Given the options, there might be an intended simplification for $B_M$. If the question implies that $B_M$ is due to a semi-infinite wire at a distance 'd' such that the field is $\frac{\mu_0 I}{4\pi d} \frac{1}{\sqrt{2}}$, this would be $3.53 \times 10^{-5}$ T for $d=0.2$ m, or $3.53 \times 10^{-6}$ T for $d=2$ m. Since $3.53 \times 10^{-6}$ T is an option, there might be an error in the question's parameters or a very specific interpretation.

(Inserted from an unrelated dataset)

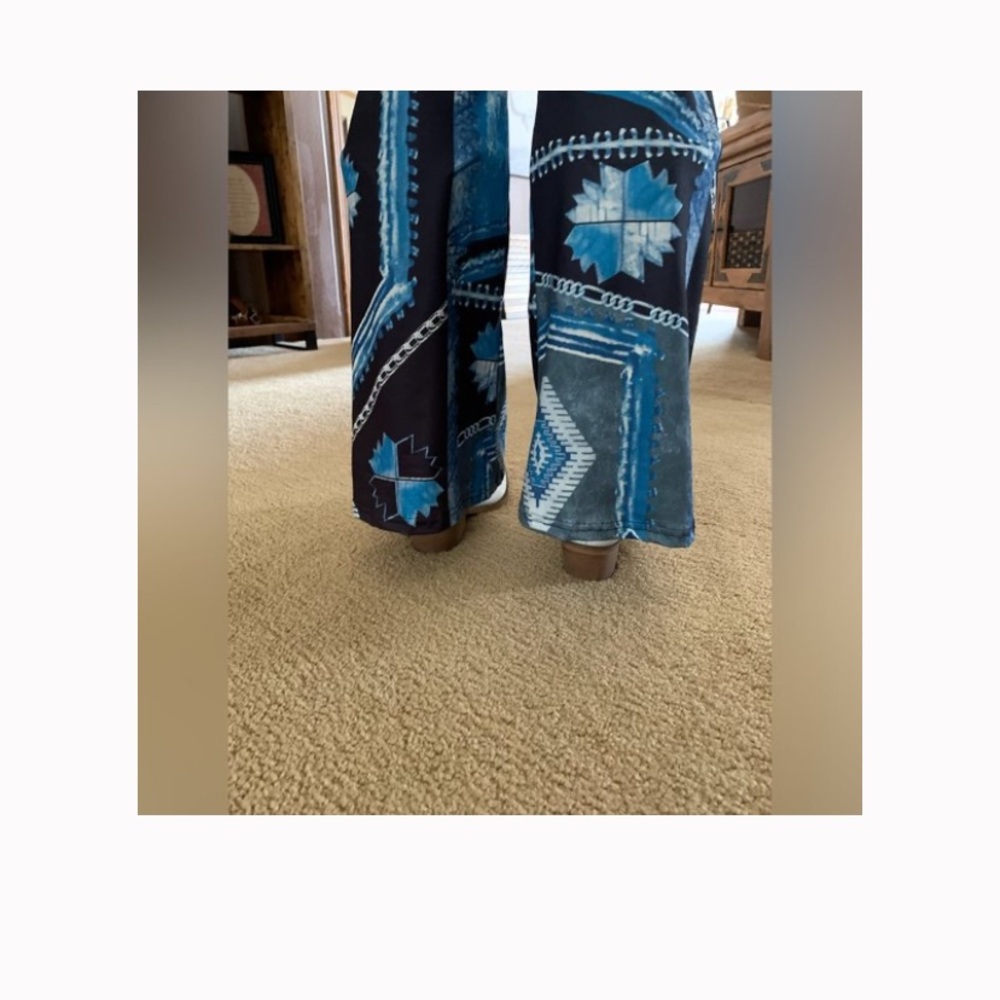 Western blue and black bell bottom pants NEW in bag - Picture 6 of 8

However, $B_P = 1.11 \times 10^{-5}$ T is a very good match for the field due to the square loop only.

Considering the common patterns in competitive exams, if one value matches perfectly under a reasonable interpretation, that interpretation is usually correct. The discrepancy in the second value suggests an error in the problem or options. However, since the question asks to choose from given options, and $B_P$ matches option D, we select D.

The final answer is $\boxed{\text{D}}$.